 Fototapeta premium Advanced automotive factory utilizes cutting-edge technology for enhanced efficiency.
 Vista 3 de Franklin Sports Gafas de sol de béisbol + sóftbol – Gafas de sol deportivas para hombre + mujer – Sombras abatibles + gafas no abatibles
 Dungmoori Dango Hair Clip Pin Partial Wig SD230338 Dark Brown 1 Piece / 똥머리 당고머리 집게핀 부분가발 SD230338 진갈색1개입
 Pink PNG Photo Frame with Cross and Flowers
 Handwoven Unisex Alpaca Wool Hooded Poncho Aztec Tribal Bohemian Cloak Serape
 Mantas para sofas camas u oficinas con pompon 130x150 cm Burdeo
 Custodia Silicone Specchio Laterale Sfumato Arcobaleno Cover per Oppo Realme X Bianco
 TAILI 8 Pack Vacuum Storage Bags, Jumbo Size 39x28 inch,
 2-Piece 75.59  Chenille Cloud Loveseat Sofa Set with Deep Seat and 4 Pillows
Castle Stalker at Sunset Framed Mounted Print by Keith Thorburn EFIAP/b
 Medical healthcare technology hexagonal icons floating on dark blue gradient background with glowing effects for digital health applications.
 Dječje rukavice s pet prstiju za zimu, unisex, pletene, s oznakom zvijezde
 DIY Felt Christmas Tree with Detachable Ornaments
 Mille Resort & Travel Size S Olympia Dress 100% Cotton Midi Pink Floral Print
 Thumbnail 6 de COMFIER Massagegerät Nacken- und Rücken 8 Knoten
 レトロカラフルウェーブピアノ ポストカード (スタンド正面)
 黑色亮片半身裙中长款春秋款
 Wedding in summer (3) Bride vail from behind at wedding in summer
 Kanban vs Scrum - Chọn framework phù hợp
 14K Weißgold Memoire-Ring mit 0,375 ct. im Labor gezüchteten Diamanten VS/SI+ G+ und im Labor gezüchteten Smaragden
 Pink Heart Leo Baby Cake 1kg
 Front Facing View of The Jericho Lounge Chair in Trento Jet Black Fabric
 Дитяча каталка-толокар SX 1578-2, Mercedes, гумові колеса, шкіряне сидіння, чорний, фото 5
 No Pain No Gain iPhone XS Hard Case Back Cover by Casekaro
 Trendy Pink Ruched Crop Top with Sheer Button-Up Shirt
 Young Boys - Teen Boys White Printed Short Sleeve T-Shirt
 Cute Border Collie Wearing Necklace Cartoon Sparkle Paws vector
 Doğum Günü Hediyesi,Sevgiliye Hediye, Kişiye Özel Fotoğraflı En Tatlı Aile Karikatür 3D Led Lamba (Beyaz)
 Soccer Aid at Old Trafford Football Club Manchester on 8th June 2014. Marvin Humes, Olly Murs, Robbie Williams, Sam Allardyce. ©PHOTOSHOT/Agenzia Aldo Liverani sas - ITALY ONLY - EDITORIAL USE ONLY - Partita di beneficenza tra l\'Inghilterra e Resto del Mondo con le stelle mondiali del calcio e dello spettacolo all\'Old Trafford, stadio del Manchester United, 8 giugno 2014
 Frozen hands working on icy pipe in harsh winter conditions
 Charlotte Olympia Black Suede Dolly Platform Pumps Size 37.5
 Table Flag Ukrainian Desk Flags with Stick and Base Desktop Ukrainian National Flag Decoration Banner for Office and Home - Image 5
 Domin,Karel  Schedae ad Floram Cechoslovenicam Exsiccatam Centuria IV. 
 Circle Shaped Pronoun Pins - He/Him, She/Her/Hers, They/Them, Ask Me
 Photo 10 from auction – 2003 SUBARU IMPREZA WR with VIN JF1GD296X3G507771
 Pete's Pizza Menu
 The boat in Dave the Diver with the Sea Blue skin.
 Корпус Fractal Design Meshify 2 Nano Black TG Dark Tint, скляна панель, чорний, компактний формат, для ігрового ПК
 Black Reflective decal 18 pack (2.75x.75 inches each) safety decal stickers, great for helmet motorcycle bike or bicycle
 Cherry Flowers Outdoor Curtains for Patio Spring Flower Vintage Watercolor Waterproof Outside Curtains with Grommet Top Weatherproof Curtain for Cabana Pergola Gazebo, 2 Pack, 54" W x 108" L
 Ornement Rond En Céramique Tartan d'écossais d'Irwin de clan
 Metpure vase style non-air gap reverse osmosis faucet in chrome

= = = =

▸ TASK DETAILS: Copy the lines that hold the word "with". Take them from the records above.

▸ RESPONSE AREA:
 Pink PNG Photo Frame with Cross and Flowers
 2-Piece 75.59  Chenille Cloud Loveseat Sofa Set with Deep Seat and 4 Pillows
 Medical healthcare technology hexagonal icons floating on dark blue gradient background with glowing effects for digital health applications.
 DIY Felt Christmas Tree with Detachable Ornaments
 Trendy Pink Ruched Crop Top with Sheer Button-Up Shirt
 Table Flag Ukrainian Desk Flags with Stick and Base Desktop Ukrainian National Flag Decoration Banner for Office and Home - Image 5
 Photo 10 from auction – 2003 SUBARU IMPREZA WR with VIN JF1GD296X3G507771
 The boat in Dave the Diver with the Sea Blue skin.
 Cherry Flowers Outdoor Curtains for Patio Spring Flower Vintage Watercolor Waterproof Outside Curtains with Grommet Top Weatherproof Curtain for Cabana Pergola Gazebo, 2 Pack, 54" W x 108" L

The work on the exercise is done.